OWN Cancels Rosie O’Donnell Talk Show
With dismal ratings on the little-watched network, Oprah Winfrey pulls the plug on O'Donnell's five-month-old talker.
OWN has pulled the plug on Rosie O’Donnell's five-month old talk show.
The daily show will tape its final episode on Tuesday, March 20 to air on Friday, March 30 in its 7 p.m. time slot. The news of its demise comes two months after the ailing network announced it had hired Shane Farley (Rachel Ray, Rosie O’Donnell Show) to replace Page Hurwitz as the show’s executive producer and would move Rosie into a significantly smaller 70-seat studio. The latter was a bid to inspire a sense of intimacy and lower costs on a series that is averaging 190,000 viewers.
“I thank Rosie from the bottom of my heart for joining me on this journey. She has been an incredible partner, working to deliver the best possible show every single day,” said OWN chief Oprah Winfrey in a statement. “As I have learned in the last 15 months, a new network launch is always a challenge and ratings grow over time as you continue to gather an audience. I’m grateful to Rosie and the dedicated Rosie Show team for giving it their all.”
Added O’Donnell: “I loved working with Oprah in the amazing city of Chicago. I was welcomed with open arms and will never forget the kindness of all I encountered. It was a great year for me -- I wish the show was able to attract more viewers -- but it did not. So I am headed back to my home in New York -- with gratitude. On we go!”

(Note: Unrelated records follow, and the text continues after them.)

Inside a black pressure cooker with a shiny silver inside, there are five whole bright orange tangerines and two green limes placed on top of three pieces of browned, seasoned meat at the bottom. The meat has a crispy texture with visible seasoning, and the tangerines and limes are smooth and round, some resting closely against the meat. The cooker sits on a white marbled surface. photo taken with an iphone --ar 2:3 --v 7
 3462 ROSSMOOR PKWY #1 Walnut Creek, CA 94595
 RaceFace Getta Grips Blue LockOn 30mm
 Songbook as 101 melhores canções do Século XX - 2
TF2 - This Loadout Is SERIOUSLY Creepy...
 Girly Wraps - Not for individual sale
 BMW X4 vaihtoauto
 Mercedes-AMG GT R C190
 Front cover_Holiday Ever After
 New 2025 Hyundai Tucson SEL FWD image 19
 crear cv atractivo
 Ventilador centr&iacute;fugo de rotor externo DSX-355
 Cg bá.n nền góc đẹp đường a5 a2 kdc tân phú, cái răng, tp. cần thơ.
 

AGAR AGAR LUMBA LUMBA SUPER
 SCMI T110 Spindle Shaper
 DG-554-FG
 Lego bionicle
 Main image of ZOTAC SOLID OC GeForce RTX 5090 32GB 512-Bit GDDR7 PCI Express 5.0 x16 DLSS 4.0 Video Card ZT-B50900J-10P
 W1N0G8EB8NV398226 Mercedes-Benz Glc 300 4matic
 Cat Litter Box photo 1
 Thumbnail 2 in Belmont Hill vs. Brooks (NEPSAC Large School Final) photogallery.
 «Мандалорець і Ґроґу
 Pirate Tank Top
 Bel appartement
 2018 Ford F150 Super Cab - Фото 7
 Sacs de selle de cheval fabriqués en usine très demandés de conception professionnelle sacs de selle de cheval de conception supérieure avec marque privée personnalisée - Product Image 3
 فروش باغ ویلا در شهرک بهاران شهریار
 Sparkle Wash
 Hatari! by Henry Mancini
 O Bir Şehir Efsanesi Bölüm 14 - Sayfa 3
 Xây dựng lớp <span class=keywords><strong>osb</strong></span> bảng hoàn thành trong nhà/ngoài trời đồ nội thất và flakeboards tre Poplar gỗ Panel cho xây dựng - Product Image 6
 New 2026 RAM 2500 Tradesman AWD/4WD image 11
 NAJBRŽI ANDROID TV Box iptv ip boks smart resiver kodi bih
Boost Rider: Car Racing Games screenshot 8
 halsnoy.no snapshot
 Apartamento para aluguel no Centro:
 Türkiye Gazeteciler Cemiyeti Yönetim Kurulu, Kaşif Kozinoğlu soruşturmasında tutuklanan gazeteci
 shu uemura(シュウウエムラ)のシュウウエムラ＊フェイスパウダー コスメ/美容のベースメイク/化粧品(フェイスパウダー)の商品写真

The show, often dubbed O'Donnell's second act, was designed as a break from the traditional talk show format. "It’s not going to be your average show where three celebrities come on promoting something and you’ll see them on Letterman and Regis and all those other shows," O'Donnell promised in a discussion with the press before the show's fall launch. Her goal was to provide a platform in which her subjects could talk more freely about things other than the film or TV series premiering that week.
Despite heavy hype surrounding the show, once viewed as a big "get" for cable network given O'Donnell's talk show past, it failed to catch on with viewers. In addition to location and personnel changes, the show's format has been tweaked in the hopes of goosing ratings. Among the recent changes were more one-on-one interviews and the elimination of the show's game show segment.